Cuando José Luis Rodríguez Zapatero llegó a la presidencia de España, expresé que empezaba a gobernar desde ‘La Gijonenca’, el café ‘progre’ de Madrid, donde, entre el humo de cigarrillos Ducados todavía se recita a Miguel Hernández, se recuerda a los caídos por la república y se discute aún sobre la hora exacta en que Federico cayó en Granada.

Zapatero, como sus aliados del Partido Socialista Obrero Español, Psoe, pareció ignorar el tiempo y continuó, al menos en su discurso, inmerso en una España que a todos nos tocó el corazón desde la Guerra Civil y su poesía. La integración y alianza de España con la comunidad económica europea permitió que se le reconociera en el concierto mundial como protagonista fundamental del equilibrio sociopolítico.

De entrada, sin medir consecuencias, Zapatero dijo que traería a casa a los 1.300 soldados españoles que permanecían en Irak, borrando de un dedazo el famoso pacto de Las Azores, en el cual el Reino Unido, Estados Unidos y España firmaron la Gran Alianza para derrocar a Saddam. El costo de esa firma por parte de los peninsulares fue alto; España apareció ahí como una nueva potencia económica y militar –así lo querían sus centros de poder- y se insertó aceleradamente, con salto de conejo, en el Club de las Superpotencias, por encima de Francia, Italia y Alemania, naciones europeas que desaprobaron la invasión a Bagdad.

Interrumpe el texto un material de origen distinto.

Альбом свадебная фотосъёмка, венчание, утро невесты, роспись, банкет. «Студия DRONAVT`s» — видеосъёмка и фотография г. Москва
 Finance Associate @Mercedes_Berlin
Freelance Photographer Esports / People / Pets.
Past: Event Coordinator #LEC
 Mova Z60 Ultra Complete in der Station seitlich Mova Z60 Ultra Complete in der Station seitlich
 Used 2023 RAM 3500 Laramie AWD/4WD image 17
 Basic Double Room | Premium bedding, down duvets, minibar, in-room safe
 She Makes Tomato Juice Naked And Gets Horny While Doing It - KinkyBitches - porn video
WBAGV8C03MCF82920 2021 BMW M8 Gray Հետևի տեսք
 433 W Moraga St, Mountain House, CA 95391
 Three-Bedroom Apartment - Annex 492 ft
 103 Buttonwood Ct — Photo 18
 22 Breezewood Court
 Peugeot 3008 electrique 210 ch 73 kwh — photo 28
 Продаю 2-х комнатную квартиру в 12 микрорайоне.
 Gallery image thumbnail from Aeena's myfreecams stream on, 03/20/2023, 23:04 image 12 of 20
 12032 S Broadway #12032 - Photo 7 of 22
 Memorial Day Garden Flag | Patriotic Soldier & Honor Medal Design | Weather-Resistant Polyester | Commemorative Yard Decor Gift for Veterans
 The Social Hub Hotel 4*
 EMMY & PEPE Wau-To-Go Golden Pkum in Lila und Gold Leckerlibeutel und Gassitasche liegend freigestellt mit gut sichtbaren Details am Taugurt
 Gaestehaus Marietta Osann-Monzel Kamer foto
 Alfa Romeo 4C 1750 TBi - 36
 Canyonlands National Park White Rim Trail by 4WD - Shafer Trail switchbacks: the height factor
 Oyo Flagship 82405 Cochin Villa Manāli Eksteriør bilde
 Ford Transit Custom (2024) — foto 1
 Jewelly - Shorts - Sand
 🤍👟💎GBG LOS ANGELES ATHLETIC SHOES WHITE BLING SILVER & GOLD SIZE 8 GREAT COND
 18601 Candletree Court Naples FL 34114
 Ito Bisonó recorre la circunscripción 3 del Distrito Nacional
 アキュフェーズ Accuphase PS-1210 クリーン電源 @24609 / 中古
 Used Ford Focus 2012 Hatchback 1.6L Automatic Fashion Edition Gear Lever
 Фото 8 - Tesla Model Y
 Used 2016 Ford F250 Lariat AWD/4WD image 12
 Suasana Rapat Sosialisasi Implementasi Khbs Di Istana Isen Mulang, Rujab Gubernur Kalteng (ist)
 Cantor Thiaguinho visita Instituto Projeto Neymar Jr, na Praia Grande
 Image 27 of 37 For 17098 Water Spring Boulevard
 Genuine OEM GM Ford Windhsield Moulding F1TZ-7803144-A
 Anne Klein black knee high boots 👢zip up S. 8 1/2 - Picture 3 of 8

Quienes visitamos España en la era Aznar, pudimos comprobar hasta dónde fue, en lo económico, la consecuencia de ese pacto. La España de hoy no se parece en nada a la vieja península, a la de la apertura después de la muerte del Generalísimo; es un país, quién lo duda, del primer mundo, donde todo resulta más costoso que en Nueva York o París. El turismo, la principal industria nacional, no vio crecer jamás sus arcas como ahora; la denominada industria sin chimeneas revienta en Euros; hoteleros y representantes de servicios turísticos en general, están archimillonarios. Ellos solos podrían pagar la deuda de seis naciones africanas, y les alcanzaría aún para conjurar la de Argentina y otras naciones del sur de América.

Para nadie es un secreto que la economía mundial funciona con base en tratados, en pactos y también en vetos. Todavía no alcanzamos a medir la consecuencia colateral, en la historia, que traerá para Colombia la ruptura con Israel. En este ajedrez mercantil, Estados Unidos es el líder; fija precios, cuotas, aranceles, exención de impuestos, gabelas, préstamos, un mundo que a muchos no gusta, pero que es el mundo real, el del capitalismo triunfante. Me pregunto si Zapatero tuvo el apoyo del Rey y de la archimillonaria estructura de poder económico de su país, cuando refrescó su discurso romántico y socialistoide al ponerle conejo a Estados Unidos e Irak.

Es claro que este mundo de poderes bursátiles e ideologías guerristas no estaba hecho para el presidente español. Para las superpotencias no hay medias tintas; se está contra el terrorismo o se lo tolera; conciliar un pensamiento humanístico, romántico, con las realidades económicas y políticas globales de hoy, es una narrativa en la cual fracasó el presidente colombiano. No es posible ir en la búsqueda inmediata de un planeta sin combustibles fósiles, mientras 11 millones de colombianos están a punto de quedarse sin suministro de gas en este diciembre, y cuando la compañía otro día más próspera, Ecopetrol, se descalabra en la bolsa de Nueva York.